From a mathematical point of view, if the function $f(x,y)$ is homogeneous (of any degree), and $g()$ is a function whose first derivative is everywhere non-zero, then the function
$$H(x, y) = g[f(x,y)]$$
is homothetic. In economics, we usually impose something more restrictive, namely that $g' >0$. But this makes a homothetic function a monotonic transformation of a homogeneous function. Now, homogeneous functions are a strict subset of homothetic functions: not all homothetic functions are homogeneous.
Therefore, not all monotonic transformations preserve the homogeneity property of a utility function. The simplest example is Cobb-Douglas utility. It is homogeneous of degree one. In an ordinal utility framework, we are ok with monotonic transformations, so we can consider the natural logarithm of it. Fine, but the natural logarithm will not preserve homogeneity.
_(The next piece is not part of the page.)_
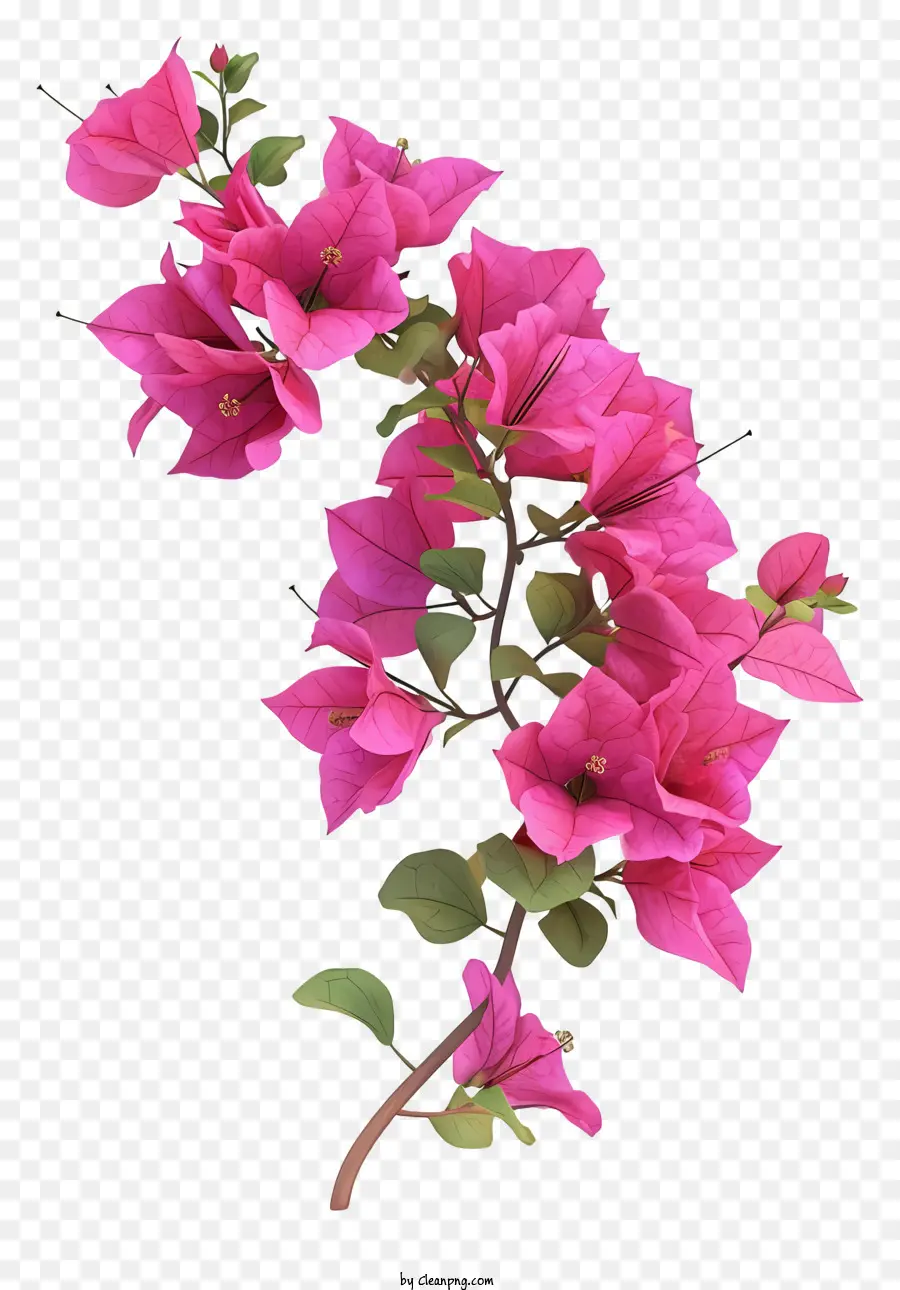 كرتون بوغانفيليا，الزهور الوردية PNG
Nevertheless it will be homothetic.
The fundamental property of a homothetic function is that its expansion path is linear (this is a property also of homogeneous functions, and thankfully it proves to be a property of the more general class of homothetic functions).
In consumption theory, this means that, keeping the prices or the price ratio constant, if we vary the income of the consumer, in the $(x,y)$ plane the tangency point of the income constraint with the highest feasible indifference curve will always reflect a fixed ratio $x/y$. This in turn implies that expenditures for each good grow all at the same rate as income, and so expenditure shares remain constant for the whole income range (always for a given price ratio). While this may sound restrictive, in fact, it has been shown that homothetic preferences do not impose any special restrictions on aggregate demand (essentially due to the endowment vector being arbitrary and independent of preferences, which messes, or frees, things up).
Well, if the preferences are homothetic, they will have a bunch of cool features. Formally, if they are homothetic, then you can affirm that: $$U(\alpha x, \alpha y) = \alpha U(x,y), \forall \alpha > 0$$
Something cool about this kind of functions is that they are, as you can see from the definition above, homogeneous functions of degree 1. So, you have the "right" of one normalization of the arguments. That's why when solving for the indirect utility function, you can always set one of the prices as the numeraire and set its price as 1.
Another interesting feature is that the goods demanded by consumers in a competitive model will depend only on the price ratio, not income.